The Honorable Tuilaepa Lupesoliai Sailele Malielegaoi, Prime Minister of Samoa, signed the treaty on behalf of his country during a ATT high-level meeting on September 25th. Two days later, in his statement during the 68th Session of the United Nations General Assembly, he declared:
“…for small island countries like Samoa, it only takes a few small arms and light weapons in the wrong hands, to cause instability. Indeed within our own Pacific region, these so called small arms have fuelled conflicts and disrupted the lives of communities and impeded development of countries.”

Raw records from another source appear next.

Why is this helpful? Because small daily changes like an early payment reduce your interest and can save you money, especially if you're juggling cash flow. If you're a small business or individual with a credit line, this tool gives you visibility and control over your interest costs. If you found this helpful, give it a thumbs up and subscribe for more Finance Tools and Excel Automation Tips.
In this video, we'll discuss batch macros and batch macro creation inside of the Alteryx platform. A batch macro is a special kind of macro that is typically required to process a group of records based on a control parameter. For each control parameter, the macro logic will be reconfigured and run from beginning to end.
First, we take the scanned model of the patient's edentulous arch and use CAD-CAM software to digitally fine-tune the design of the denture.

Furthermore, he reaffirmed the importance of the Arms Trade Treaty by stating:
“When fully implemented [it] will greatly assist the efforts of small island states like mine in sustaining the security and stability of our communities. Our signing the ATT is also further testimony to our firm commitment to general and complete disarmament, as it will contribute significantly to saving lives, stop human rights abuses, avoid crises and is an important step to reduce and eventually eliminate altogether, the human cost of conventional arms.”

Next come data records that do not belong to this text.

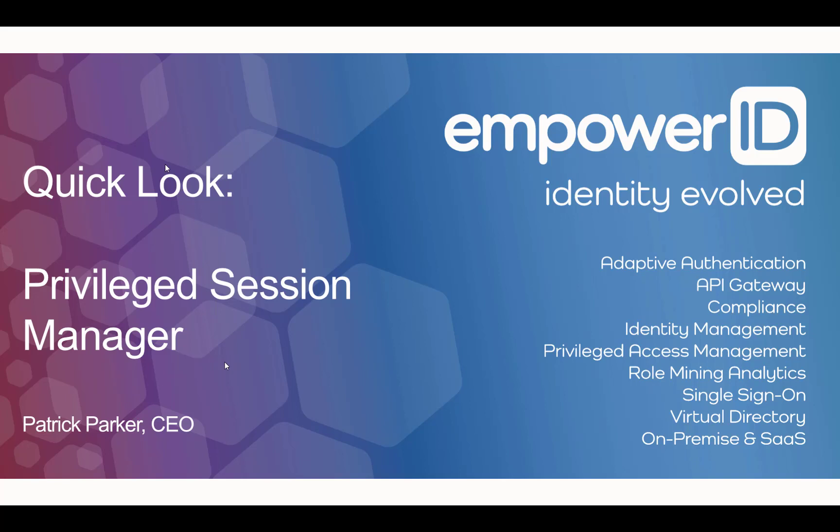Hello and welcome. I'm Patrick Parker, the CEO and founder of Empower ID, and this is a quick look on Privileged Session Manager.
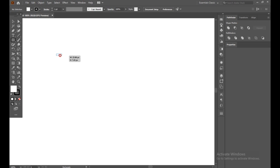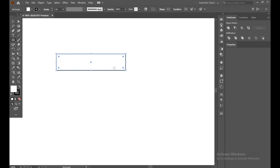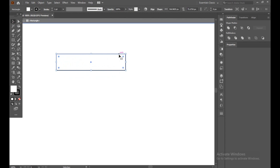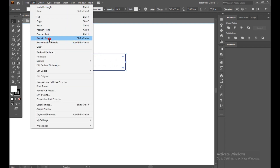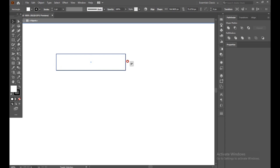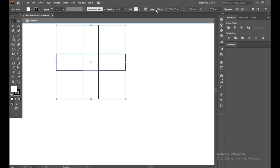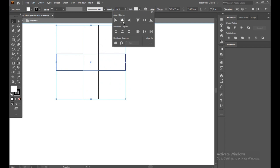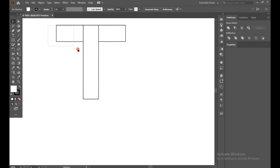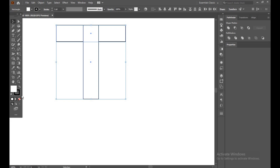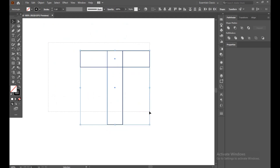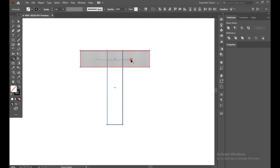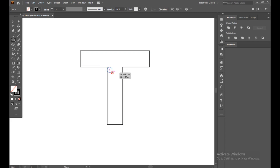First of all, select the rectangular tool and make a shape. Now select with the selection tool and make a copy by Edit > Copy and Paste in Place. Select it, hold Shift and rotate it. Select all and go to the Align panel. Now you can see our fill is on, so turn off the fill — we just need only the stroke. Select all and choose the Shape Builder tool and just merge it. Now select the Ellipse tool and make a circle.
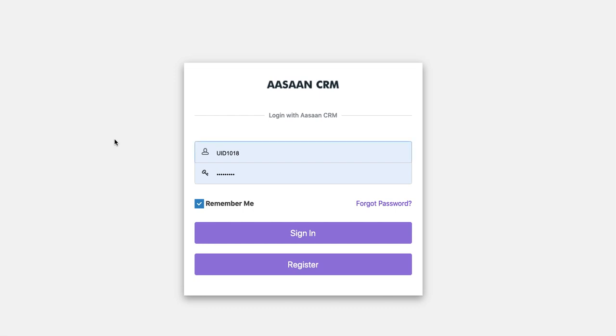Hello friends. I would like to introduce today Asan CRM. This is the simplest CRM that you will ever see — nothing complex here. It's a basic CRM, simple to use, and I believe it is for everyone, from small businesses to medium level businesses.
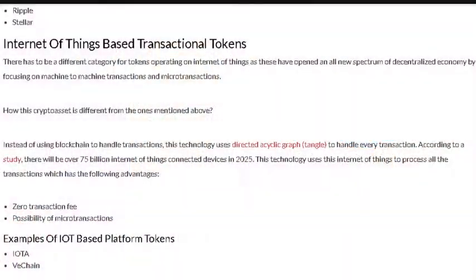Instead of using blockchain to handle transactions, the technology uses a directed acyclic graph called the Tangle. That's what IOTA uses. These IoT internet-of-things devices are going to use the Tangle, and it's being implemented right now.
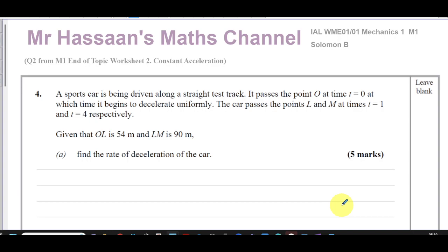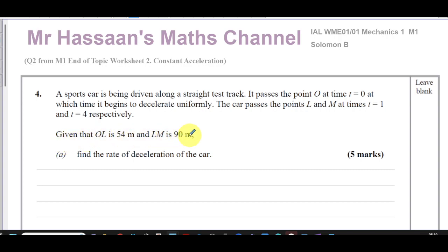It says a sports car is being driven along a straight test track. It passes point O at time t equals zero, at which time it begins to decelerate uniformly. The car passes points L and M at times t equals one and t equals four respectively. Given that OL is 54 meters and LM is 90 meters, find the rate of deceleration of the car. I'm assuming they mean seconds here.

Samoa, together with Nauru and Kiribati brought the number of signatory countries from the Pacific to eight, by joining Palau, Vanuatu, Tuvalu, New Zealand and Australia, a clear indicative of the importance the treaty has in this region. Ben Murphy, Humanitarian Advocacy Coordinator with Oxfam Australia and Chair of Pacific Small Arms Action Group (PSAAG), explains the positive implications of the ATT for these new members:
“As long as arms control standards in the region lag behind the rest of the world, the Pacific, which has suffered its own share of armed violence, remains an easy target for unscrupulous arms dealers. By signing the Arms Trade Treaty, Samoa, Nauru and Kiribati have made a critical step forward in saying enough is enough.”